Layaknya warga lain, saya memesan satu teh dan mengambil beberapa potong kue. Suasana kedai kopi hari itu terlihat ramai. Jalan di depan warung juga terlihat padat dilalui kendaraan bermotor.
Aktivitas warga desa, berjalan seperti biasa. Di sebelah timur saya melihat matahari baru saja naik memancarkan cahayanya menerangi alam semesta.
Suasana alam begitu tenang nyaris tak ada angin yang melambai pepohonan. Saya melanjutkan membaca koran.

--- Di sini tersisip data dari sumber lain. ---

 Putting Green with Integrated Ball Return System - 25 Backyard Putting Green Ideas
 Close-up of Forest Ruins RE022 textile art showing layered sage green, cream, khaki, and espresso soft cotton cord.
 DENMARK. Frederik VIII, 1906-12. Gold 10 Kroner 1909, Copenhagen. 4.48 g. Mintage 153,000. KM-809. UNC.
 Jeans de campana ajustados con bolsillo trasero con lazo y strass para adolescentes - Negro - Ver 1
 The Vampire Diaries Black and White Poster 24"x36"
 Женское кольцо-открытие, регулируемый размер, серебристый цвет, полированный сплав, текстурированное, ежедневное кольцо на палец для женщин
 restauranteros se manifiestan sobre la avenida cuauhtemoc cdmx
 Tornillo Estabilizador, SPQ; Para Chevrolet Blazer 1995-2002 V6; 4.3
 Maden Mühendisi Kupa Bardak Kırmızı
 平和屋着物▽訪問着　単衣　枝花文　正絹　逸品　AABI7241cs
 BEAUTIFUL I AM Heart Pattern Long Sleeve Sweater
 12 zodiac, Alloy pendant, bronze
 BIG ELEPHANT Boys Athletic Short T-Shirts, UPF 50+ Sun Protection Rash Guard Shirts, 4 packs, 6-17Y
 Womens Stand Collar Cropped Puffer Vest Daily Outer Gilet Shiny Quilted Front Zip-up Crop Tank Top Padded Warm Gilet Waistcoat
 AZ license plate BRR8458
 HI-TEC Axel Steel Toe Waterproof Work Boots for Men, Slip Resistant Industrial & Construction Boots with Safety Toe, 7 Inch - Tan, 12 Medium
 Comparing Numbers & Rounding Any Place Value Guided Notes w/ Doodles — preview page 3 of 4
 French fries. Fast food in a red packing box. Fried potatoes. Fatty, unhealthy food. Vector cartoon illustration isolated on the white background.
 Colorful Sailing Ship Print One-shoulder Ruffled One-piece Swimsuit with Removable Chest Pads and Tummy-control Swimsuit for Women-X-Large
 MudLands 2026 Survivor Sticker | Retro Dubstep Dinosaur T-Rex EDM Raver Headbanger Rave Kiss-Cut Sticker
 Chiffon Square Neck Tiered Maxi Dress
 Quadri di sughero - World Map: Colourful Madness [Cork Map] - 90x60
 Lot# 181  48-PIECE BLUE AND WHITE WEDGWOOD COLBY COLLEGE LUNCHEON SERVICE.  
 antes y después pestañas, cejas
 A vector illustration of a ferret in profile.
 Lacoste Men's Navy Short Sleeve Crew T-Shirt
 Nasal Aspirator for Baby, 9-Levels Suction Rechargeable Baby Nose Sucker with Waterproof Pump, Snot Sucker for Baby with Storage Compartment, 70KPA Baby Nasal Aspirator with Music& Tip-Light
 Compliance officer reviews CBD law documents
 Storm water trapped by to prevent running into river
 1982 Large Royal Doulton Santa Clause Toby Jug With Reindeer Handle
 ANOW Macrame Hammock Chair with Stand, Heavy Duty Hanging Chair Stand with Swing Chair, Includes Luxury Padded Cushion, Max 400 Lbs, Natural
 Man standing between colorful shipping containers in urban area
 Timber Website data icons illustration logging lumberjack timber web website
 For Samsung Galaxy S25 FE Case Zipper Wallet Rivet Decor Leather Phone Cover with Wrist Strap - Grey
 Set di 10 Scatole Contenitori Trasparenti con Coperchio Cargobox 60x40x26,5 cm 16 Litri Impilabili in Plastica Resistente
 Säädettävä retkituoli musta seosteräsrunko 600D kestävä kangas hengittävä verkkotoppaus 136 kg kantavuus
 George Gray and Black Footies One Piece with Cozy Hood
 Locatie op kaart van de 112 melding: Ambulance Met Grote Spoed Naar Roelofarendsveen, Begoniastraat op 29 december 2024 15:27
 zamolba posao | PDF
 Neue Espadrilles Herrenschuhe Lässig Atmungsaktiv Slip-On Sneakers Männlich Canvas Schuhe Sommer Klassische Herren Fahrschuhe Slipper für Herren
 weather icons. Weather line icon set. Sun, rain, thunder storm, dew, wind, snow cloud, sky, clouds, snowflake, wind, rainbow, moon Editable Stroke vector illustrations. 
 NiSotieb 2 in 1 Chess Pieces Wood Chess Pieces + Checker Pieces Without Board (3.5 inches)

Saat itu isu politik konflik GAM dan Pemerintah RI masih mewarnai halaman surat kabar.
Saat sedang membuka halaman koran, saya merasakan kursi dan meja tempat saya duduk bergerak tiba-tiba. Semakin lama-semakin kuat, sehingga membuat saya merasa ada sesuatu yang sedang terjadi.
Jarum jam di dinding warung menunjukkan pukul 07.58 WIB. Beberapa detik kemudian, tanah yang saya injak berguncang hebat. Saya menengadahkan kepala.
Tampak ranting pepohonan bergoyang, seperti menari-nari di antara celah dedaunan. Saya pindahkan pandangan ke tiang listrik. Ternyata juga sama. Kabel listrik di pinggir jalan pun bergoyang.
Semakin lama semakin kuat. Saya baru tersadar, ternyata sedang terjadi gempa bumi! Saya memutuskan keluar dari warung kopi, karena takut gardu listrik di depan warung akan jatuh.
Saya memilih ke lapangan sepak bola Bukit Sembilan, sekitar 10 meter dari warung kopi. Saat itu gempa masih terasa kuat. Saya tak bisa berjalan. Sempoyongan dan jatuh.
Dengan setengah merangkak, saya berusaha terus berjalan. Hingga akhirnya saya berpegangan di tiang gawang. Saya merasa sedikit bisa berdiri meskipun harus membungkuk.